■ **Action item**
Go to the line in the entries below that holds "Ntn 6209ZZ/2AU1 deep groove ball bearing" and repeat exactly from there through the line that holds "Eriodictyol-7-O-glucoside structure", inclusive.

:: Task input

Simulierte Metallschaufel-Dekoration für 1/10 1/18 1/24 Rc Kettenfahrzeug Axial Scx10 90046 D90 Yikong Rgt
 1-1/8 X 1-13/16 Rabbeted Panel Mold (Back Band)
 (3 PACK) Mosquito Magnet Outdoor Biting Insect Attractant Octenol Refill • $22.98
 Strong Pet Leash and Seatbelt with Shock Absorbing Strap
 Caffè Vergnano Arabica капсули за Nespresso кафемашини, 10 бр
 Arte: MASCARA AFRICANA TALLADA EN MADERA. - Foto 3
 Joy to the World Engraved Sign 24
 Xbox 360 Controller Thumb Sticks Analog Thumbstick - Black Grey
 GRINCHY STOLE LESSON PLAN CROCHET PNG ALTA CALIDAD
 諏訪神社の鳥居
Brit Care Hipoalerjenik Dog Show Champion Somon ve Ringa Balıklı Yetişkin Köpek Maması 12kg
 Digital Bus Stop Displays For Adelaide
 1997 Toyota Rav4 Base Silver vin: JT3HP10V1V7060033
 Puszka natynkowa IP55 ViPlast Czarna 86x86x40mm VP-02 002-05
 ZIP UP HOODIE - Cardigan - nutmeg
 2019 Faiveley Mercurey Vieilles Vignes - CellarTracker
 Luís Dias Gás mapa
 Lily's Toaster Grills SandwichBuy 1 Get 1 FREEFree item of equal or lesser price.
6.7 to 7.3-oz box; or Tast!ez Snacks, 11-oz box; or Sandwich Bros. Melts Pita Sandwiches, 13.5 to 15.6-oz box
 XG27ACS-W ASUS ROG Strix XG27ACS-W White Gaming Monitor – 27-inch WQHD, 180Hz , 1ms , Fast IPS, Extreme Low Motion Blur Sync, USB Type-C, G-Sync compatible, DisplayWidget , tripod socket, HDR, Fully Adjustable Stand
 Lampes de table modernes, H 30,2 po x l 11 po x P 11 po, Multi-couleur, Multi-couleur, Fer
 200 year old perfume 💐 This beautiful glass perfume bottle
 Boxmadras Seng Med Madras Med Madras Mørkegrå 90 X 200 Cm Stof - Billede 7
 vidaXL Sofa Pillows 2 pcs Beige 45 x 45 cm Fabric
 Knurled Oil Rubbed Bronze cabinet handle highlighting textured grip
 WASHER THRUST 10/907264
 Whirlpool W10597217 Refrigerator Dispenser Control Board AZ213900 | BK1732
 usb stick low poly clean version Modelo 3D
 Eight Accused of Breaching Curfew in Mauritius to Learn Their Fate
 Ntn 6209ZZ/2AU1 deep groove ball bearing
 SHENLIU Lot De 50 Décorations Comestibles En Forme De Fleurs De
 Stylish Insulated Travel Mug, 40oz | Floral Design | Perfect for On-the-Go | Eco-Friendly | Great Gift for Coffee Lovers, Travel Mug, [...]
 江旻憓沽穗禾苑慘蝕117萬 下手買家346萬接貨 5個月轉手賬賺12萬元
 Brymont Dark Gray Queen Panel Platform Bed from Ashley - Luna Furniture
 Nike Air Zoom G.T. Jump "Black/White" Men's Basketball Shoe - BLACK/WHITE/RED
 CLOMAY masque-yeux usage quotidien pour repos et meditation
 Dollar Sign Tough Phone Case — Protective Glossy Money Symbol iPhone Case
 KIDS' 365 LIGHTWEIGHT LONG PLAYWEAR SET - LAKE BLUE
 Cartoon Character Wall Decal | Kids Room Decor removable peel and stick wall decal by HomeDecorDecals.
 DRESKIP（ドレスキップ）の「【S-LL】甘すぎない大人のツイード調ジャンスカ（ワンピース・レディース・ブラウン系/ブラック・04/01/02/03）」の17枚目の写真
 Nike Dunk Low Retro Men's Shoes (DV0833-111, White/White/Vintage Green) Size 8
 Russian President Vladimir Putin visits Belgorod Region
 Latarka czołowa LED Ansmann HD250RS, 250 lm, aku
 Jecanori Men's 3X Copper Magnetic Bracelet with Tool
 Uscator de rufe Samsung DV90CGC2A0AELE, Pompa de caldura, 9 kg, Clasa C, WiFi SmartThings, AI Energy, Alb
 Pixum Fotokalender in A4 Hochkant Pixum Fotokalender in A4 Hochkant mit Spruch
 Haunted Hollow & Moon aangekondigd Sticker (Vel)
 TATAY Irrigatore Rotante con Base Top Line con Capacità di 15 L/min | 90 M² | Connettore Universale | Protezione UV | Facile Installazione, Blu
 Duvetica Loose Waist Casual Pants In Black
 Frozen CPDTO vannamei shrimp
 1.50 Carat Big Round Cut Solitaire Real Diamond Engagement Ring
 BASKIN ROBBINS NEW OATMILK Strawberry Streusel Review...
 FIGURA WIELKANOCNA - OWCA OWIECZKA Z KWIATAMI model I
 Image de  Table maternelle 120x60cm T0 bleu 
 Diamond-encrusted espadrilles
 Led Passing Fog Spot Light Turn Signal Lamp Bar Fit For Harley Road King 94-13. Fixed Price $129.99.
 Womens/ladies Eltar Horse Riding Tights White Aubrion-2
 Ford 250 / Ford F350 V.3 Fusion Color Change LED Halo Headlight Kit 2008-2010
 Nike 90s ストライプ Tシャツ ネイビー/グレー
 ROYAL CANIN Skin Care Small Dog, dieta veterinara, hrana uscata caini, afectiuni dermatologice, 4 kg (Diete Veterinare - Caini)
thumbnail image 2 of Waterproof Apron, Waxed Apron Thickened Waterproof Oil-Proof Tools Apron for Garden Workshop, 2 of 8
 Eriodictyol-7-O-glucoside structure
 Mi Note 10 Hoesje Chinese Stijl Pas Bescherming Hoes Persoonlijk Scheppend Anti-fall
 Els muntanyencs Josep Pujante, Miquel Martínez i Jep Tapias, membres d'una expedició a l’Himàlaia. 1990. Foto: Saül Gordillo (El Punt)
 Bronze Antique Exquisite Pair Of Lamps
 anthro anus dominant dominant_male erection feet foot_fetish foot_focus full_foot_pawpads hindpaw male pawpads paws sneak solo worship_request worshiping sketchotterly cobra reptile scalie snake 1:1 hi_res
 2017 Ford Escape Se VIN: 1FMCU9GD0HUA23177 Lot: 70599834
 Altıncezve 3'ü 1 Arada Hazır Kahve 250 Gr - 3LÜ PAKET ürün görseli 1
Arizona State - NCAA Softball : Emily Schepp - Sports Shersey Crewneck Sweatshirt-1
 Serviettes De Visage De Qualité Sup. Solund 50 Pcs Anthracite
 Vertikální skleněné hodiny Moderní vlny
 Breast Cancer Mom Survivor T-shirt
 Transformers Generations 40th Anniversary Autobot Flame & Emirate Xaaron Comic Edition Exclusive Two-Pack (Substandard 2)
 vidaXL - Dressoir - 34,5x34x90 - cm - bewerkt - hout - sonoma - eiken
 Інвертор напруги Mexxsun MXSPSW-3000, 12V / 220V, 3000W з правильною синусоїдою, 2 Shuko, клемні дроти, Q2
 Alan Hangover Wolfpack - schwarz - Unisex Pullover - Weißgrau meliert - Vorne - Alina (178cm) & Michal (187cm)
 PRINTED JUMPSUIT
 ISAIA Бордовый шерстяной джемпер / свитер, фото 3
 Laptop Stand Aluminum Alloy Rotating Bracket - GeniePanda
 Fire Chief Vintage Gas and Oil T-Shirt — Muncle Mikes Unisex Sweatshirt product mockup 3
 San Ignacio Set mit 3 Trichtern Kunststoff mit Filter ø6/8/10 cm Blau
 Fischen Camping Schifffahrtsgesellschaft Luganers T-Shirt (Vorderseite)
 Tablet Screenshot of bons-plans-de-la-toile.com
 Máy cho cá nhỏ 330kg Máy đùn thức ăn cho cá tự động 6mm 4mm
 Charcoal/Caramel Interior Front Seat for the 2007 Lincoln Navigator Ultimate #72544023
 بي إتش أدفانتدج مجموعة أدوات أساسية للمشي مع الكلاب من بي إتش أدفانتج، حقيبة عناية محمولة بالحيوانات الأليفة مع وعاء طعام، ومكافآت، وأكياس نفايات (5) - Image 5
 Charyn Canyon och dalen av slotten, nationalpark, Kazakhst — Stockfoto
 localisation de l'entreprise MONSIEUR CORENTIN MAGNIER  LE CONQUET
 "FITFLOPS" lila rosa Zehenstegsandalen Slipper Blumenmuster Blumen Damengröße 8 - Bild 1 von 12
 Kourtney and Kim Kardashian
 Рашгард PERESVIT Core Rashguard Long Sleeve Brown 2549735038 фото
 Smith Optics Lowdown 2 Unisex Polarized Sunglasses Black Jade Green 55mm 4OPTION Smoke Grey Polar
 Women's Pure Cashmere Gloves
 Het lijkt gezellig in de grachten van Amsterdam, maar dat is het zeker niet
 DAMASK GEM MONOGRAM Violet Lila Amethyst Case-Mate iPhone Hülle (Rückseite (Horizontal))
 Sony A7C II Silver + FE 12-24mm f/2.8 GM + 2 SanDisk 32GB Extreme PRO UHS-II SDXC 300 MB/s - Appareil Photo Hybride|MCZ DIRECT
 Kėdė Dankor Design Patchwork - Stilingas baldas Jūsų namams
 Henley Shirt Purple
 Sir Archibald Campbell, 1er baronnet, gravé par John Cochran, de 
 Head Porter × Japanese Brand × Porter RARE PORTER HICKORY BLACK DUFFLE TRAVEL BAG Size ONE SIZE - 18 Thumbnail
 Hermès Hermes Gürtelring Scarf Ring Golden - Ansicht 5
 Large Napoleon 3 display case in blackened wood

::::

■ **Written answer**
 Ntn 6209ZZ/2AU1 deep groove ball bearing
 SHENLIU Lot De 50 Décorations Comestibles En Forme De Fleurs De
 Stylish Insulated Travel Mug, 40oz | Floral Design | Perfect for On-the-Go | Eco-Friendly | Great Gift for Coffee Lovers, Travel Mug, [...]
 江旻憓沽穗禾苑慘蝕117萬 下手買家346萬接貨 5個月轉手賬賺12萬元
 Brymont Dark Gray Queen Panel Platform Bed from Ashley - Luna Furniture
 Nike Air Zoom G.T. Jump "Black/White" Men's Basketball Shoe - BLACK/WHITE/RED
 CLOMAY masque-yeux usage quotidien pour repos et meditation
 Dollar Sign Tough Phone Case — Protective Glossy Money Symbol iPhone Case
 KIDS' 365 LIGHTWEIGHT LONG PLAYWEAR SET - LAKE BLUE
 Cartoon Character Wall Decal | Kids Room Decor removable peel and stick wall decal by HomeDecorDecals.
 DRESKIP（ドレスキップ）の「【S-LL】甘すぎない大人のツイード調ジャンスカ（ワンピース・レディース・ブラウン系/ブラック・04/01/02/03）」の17枚目の写真
 Nike Dunk Low Retro Men's Shoes (DV0833-111, White/White/Vintage Green) Size 8
 Russian President Vladimir Putin visits Belgorod Region
 Latarka czołowa LED Ansmann HD250RS, 250 lm, aku
 Jecanori Men's 3X Copper Magnetic Bracelet with Tool
 Uscator de rufe Samsung DV90CGC2A0AELE, Pompa de caldura, 9 kg, Clasa C, WiFi SmartThings, AI Energy, Alb
 Pixum Fotokalender in A4 Hochkant Pixum Fotokalender in A4 Hochkant mit Spruch
 Haunted Hollow & Moon aangekondigd Sticker (Vel)
 TATAY Irrigatore Rotante con Base Top Line con Capacità di 15 L/min | 90 M² | Connettore Universale | Protezione UV | Facile Installazione, Blu
 Duvetica Loose Waist Casual Pants In Black
 Frozen CPDTO vannamei shrimp
 1.50 Carat Big Round Cut Solitaire Real Diamond Engagement Ring
 BASKIN ROBBINS NEW OATMILK Strawberry Streusel Review...
 FIGURA WIELKANOCNA - OWCA OWIECZKA Z KWIATAMI model I
 Image de  Table maternelle 120x60cm T0 bleu 
 Diamond-encrusted espadrilles
 Led Passing Fog Spot Light Turn Signal Lamp Bar Fit For Harley Road King 94-13. Fixed Price $129.99.
 Womens/ladies Eltar Horse Riding Tights White Aubrion-2
 Ford 250 / Ford F350 V.3 Fusion Color Change LED Halo Headlight Kit 2008-2010
 Nike 90s ストライプ Tシャツ ネイビー/グレー
 ROYAL CANIN Skin Care Small Dog, dieta veterinara, hrana uscata caini, afectiuni dermatologice, 4 kg (Diete Veterinare - Caini)
thumbnail image 2 of Waterproof Apron, Waxed Apron Thickened Waterproof Oil-Proof Tools Apron for Garden Workshop, 2 of 8
 Eriodictyol-7-O-glucoside structure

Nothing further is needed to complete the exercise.